Bu değişim üzücü ama gerçek. Ne var ki Osmanlı Türkçesinin okullara ders olarak okutulmasından sonra sahaflık mesleğinin de yeniden altın dönemini yaşacağını düşünüyorum. İnşallah bu temennim gerçekleşir. Zira bizim millet olarak kültürel bakımdan gelişmemiz, ancak ecdadımızın irfanıyla, medeniyetimizle bağ kurduğumuz zaman mümkün olabilecektir. Kültürümüzü 1928'den itibaren başlatırsak olacağı budur. Yozlaşma, işte o zaman başlar.
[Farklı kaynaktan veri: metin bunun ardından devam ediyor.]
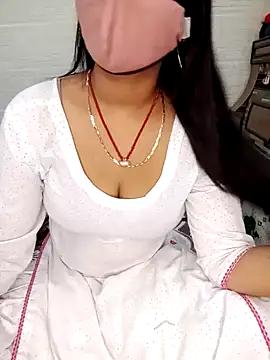 Snapshot of Best-Couple chatting on 02-05-25, 12:17 Best-Couple online show from 02-05-25, 12:17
Sahafları ve sahaflık mesleğini anlatan güzel eserler var ama ne yazık ki fazla değil. Ahmed Güner Sayar'ın Sahaf Raif Yelkenci ile İsmail E. Erünsal'ın Osmanlılarda Sahaflık ve Sahaflar isimli eserleri ilk elde okunacak kıymetli kaynaklardır. Sahaflar Şeyhi olarak bilinen merhum Muzaffer Ozak Hocaefendi, benim rahmetli Ergun Göze ile birlikte ziyaret ettiğim ilk sahaflardandır. Çok neşeli, nüktedan, hoşsohbet ve derin bir alimdi. Bir gönül insanıydı. Allah rahmet eylesin. Madem ki ismini andık, Mizahın İzahı kitabımda geçen nüktelerinden birini (Ölüler ve Kitaplar) sizinle paylaşayım:
Meşhur Sahaflar Şeyhi Muzaffer Ozak kendisine, "Mesleğiniz nedir?" diye soranlara şu cevabı verirmiş: "Ölenlerin kitaplarını öleceklere satmak!" Muzaffer Hoca eskilerin mütebahhir dedikleri derya bir şahsiyet idi. Sahaf Raif Yelkenci'nin ise Yunus Emre hakkında bir meseleyi Fuad Köprülü ile tartıştığını ve onu ilmen mağlup ettiğini öğrendiğimde sahaflara mevcut olan hürmetim kat be kat artmıştı. ESKADER bu hafta Babıali Sohbetleri'nde sahaflar ve sahaflık konusunu ele alıyor. Dededen sahaf olan, çarşının sevilen, sayılan ismi Turan M. Türkmenoğlu, perşembe günü 'Sahaflar Çarşısı'nın Hikayesi'ni anlatacak. İlginç hatıraları var Turan Bey'in. Kitapsever bütün okuyucuları davet ediyorum.